III. Mataipule’s Alternative Holding
Our alternative holding in Mataipule tolls the statute of limitations during the pendency of the administrative claim on the theory that “filing an administrative claim with the Attorney General constituted the beginning of an action within A.S.C.A. § 43.1204, as the administrative claim was not an independent action but was the first and mandatory step in plaintiff’s recourse to the courts.” Mataipule, 16 A.S.R.2d at 56. It is clear that Bradcock’s case is further barred by a strict application of the alternative holding of Mataipule, which, in our view, is clearly valid law and takes into account the extra time required for a litigant to exhaust administrative remedies.

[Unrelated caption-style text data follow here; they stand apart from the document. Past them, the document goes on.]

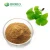 Import ginkgo biloba extract wholesale from China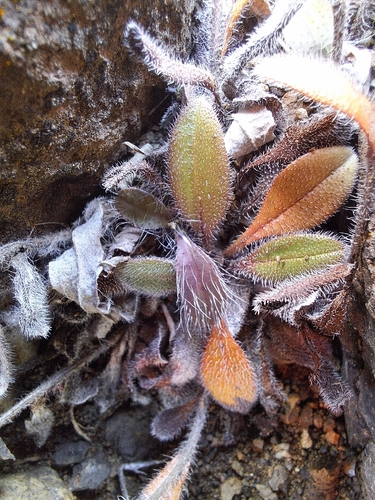 Myosotis australis observed 2026-01-30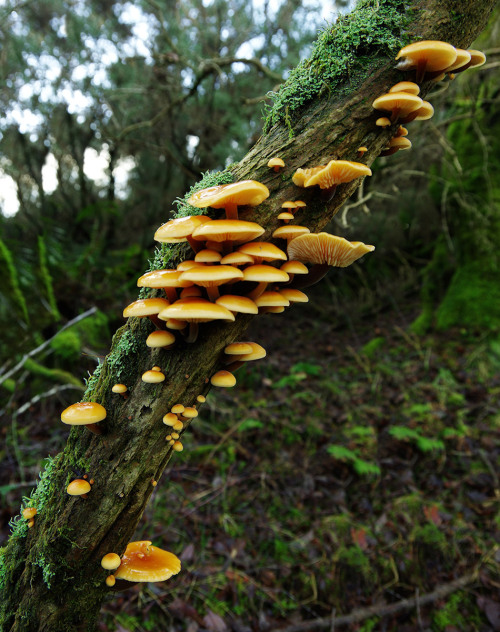 Velvet shanks - winter mushroom par excellence - growing on a rotten old gorse bush.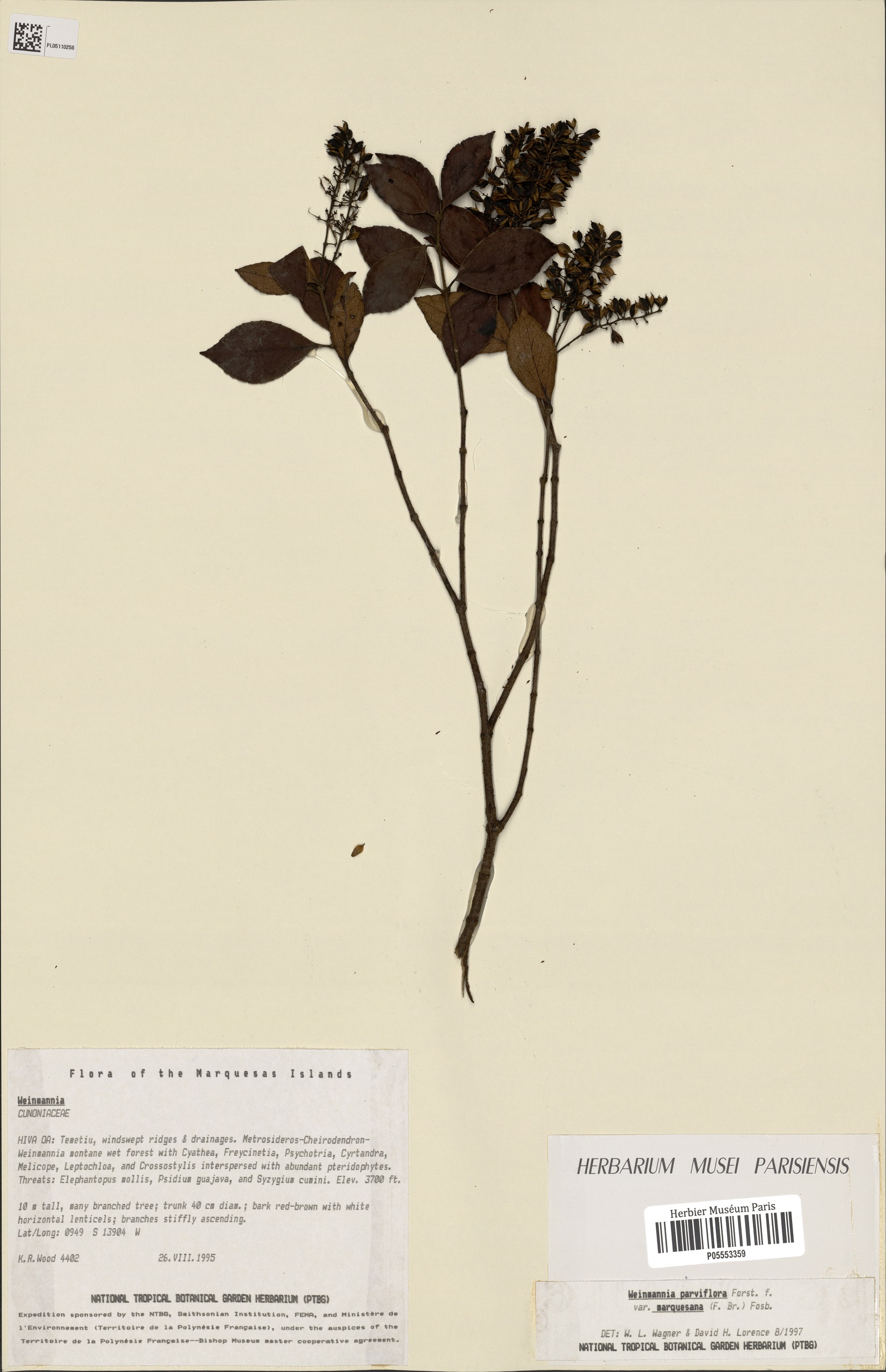 Annexe Weinwannia Parviflora1.jpg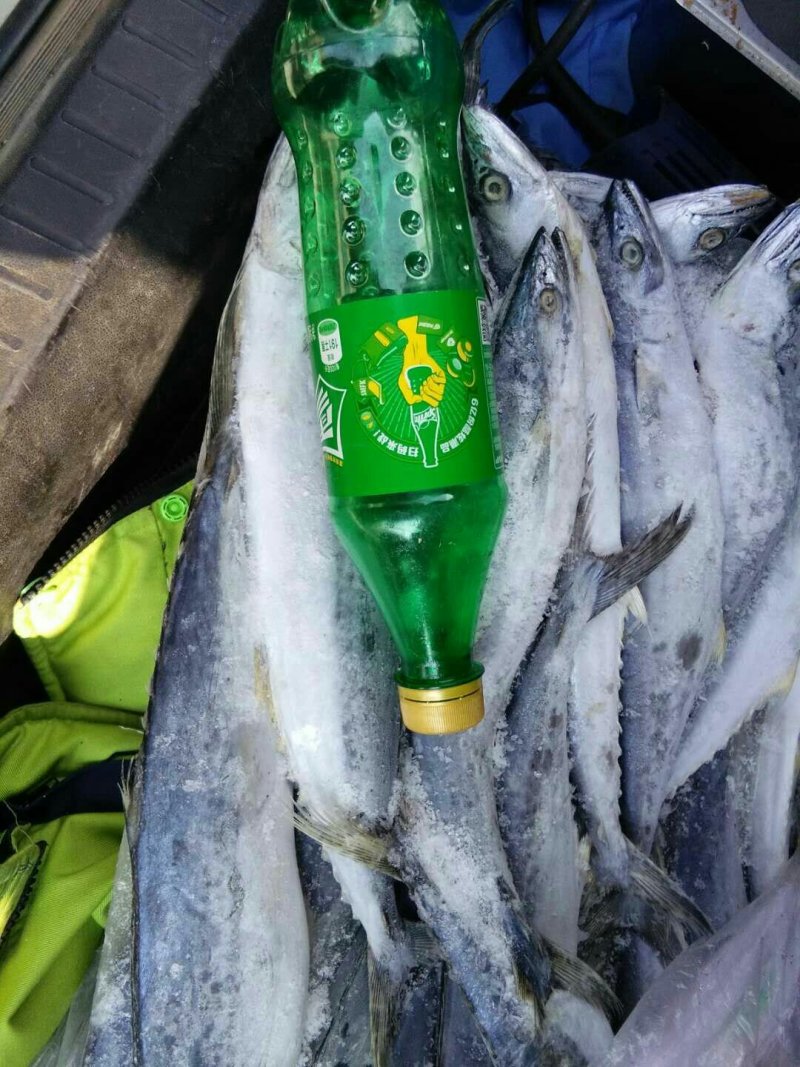 鲅鱼便宜了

Mataipule essentially stands for the principle that the government may not simply delay decisions regarding timely filed tort claims while the statute of limitations runs to the detriment of the claimant. Mataipule should not be read to permit the claimant to purposely avoid the statute of limitations by failing to file his/her administrative claim until the eleventh hour, and then expect a fresh limitation period when the claim is denied. In the present case, allowing a fresh two-year period following the denial of the administrative claim would amount to judicially creating a statute of limitations of almost four years. To do so would defeat legislative intent. We therefore deny the plaintiff’s motion to reconsider.
It is so ordered.
1. Under the facts of the Mataipule case, the statute could have begun to run at some time prior to the filing of the administrative claim, but clearly did not expire since the administrative claim was filed within two years following the injury, and the court action was effectively filed immediately following denial of the administrative claim.
2. “The government’s position effectively [and incorrectly] implies that the limitations period is not always two years but that in certain cases it is one year and nine months.” Mataipule, 16 A.S.R.2d at 50.